Question

An urn contains 3 black and 5 red balls. If 3 balls are drawn at random from the urn, the mean of the probability distribution of the number of red balls drawn is:

• A. \( \frac{45}{28} \)
• B. \( \frac{15}{8} \)
• C. \( \frac{2}{5} \)
• D. \( \frac{3}{7} \)

Hint:

When calculating expected values, multiply each outcome by its probability and sum them up. This helps you find the mean of the distribution.

Answer 1

The Correct Option is B

Step 1: Understand the problem. The problem is related to finding the mean of the probability distribution for the number of red balls drawn when 3 balls are drawn from an urn containing 3 black and 5 red balls. The number of red balls that can be drawn ranges from 0 to 3, and we need to calculate the expected value (mean) of this distribution. 
Step 2: Calculating probabilities. The number of possible outcomes when drawing 3 balls from the urn is: \[ \binom{8}{3} = \frac{8 \times 7 \times 6}{3 \times 2 \times 1} = 56. \] Next, we calculate the probability of drawing 0, 1, 2, and 3 red balls. - For 0 red balls, all 3 balls must be black.

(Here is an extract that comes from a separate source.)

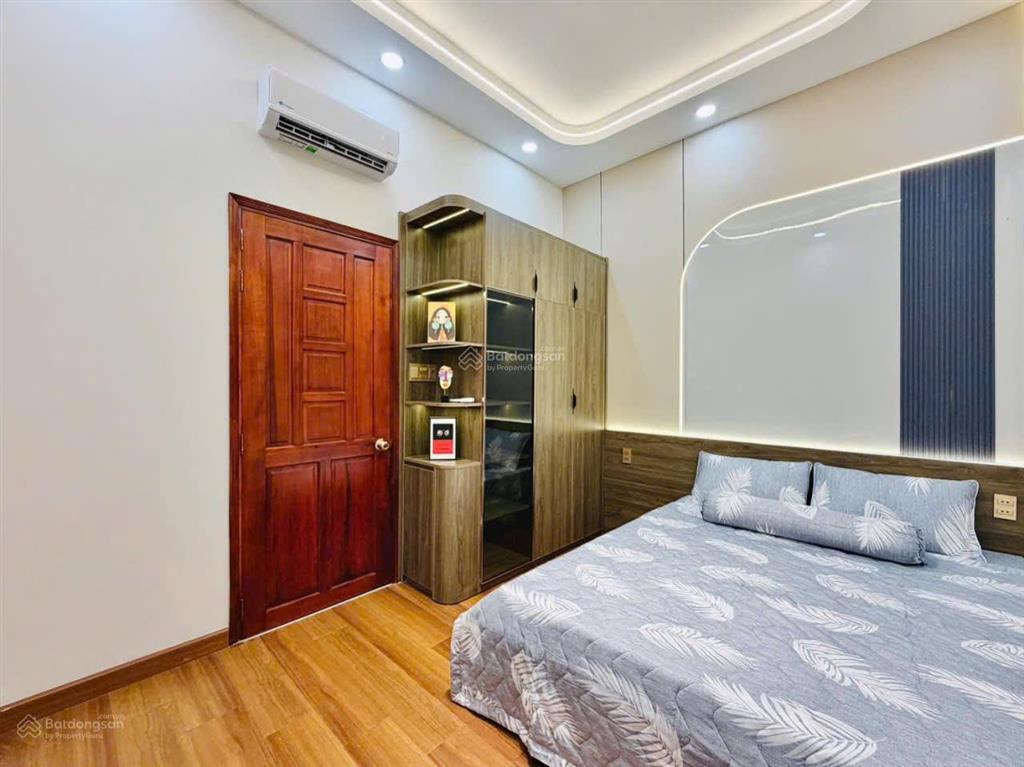 Chính chủ bán nhà 2 tầng, hẻm ô tô thông đường nguyễn văn lượng, 4,5 x 15m,giá chỉ 5,5 tỷ,phù hợp ở
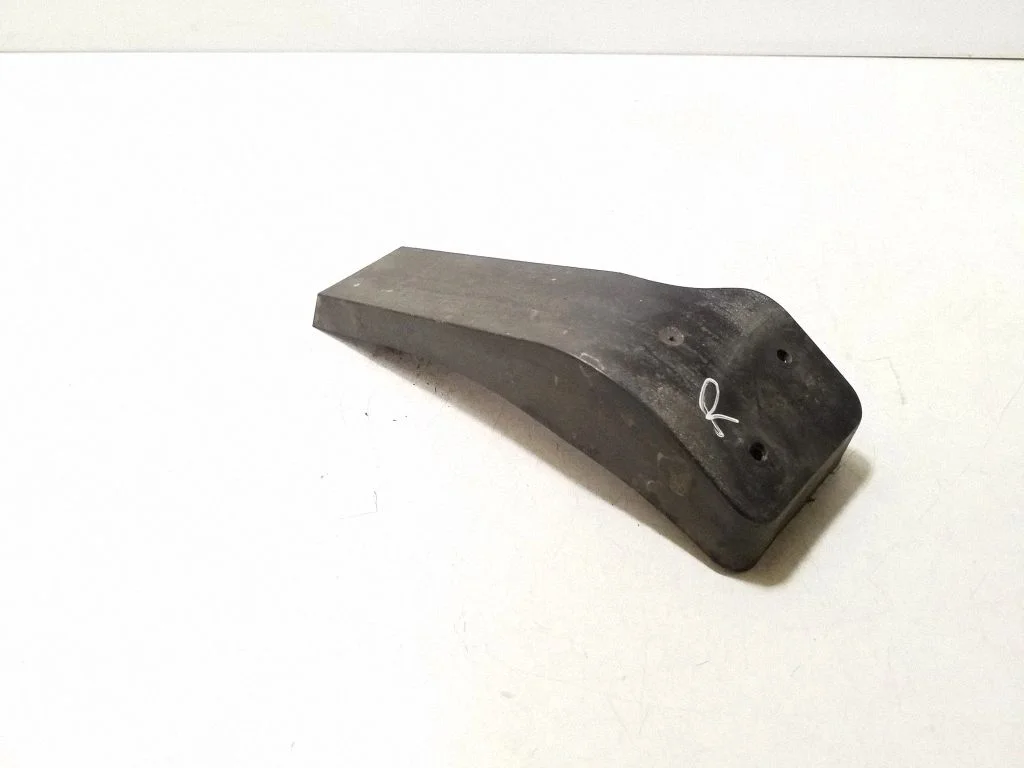 Rear bumper mounting bracket GM13300749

The number of ways to choose 3 black balls is: \[ \binom{3}{3} = 1. \] So the probability is: \[ P(0 \text{ red balls}) = \frac{1}{56}. \] - For 1 red ball, we need to choose 1 red ball and 2 black balls. The number of ways to do this is: \[ \binom{5}{1} \times \binom{3}{2} = 5 \times 3 = 15. \] So the probability is: \[ P(1 \text{ red ball}) = \frac{15}{56}. \] - For 2 red balls, we need to choose 2 red balls and 1 black ball. The number of ways to do this is: \[ \binom{5}{2} \times \binom{3}{1} = 10 \times 3 = 30. \] So the probability is: \[ P(2 \text{ red balls}) = \frac{30}{56}. \] - For 3 red balls, all 3 balls must be red. The number of ways to choose 3 red balls is: \[ \binom{5}{3} = 10. \] So the probability is: \[ P(3 \text{ red balls}) = \frac{10}{56}. \] Step 3: Calculating the expected value. The expected value (mean) of the number of red balls drawn is the sum of each outcome multiplied by its probability: \[ E(X) = 0 \times \frac{1}{56} + 1 \times \frac{15}{56} + 2 \times \frac{30}{56} + 3 \times \frac{10}{56}. \] Simplifying: \[ E(X) = \frac{0 + 15 + 60 + 30}{56} = \frac{105}{56} = \frac{15}{8}. \] Thus, the mean of the probability distribution of the number of red balls drawn is \( \frac{15}{8} \).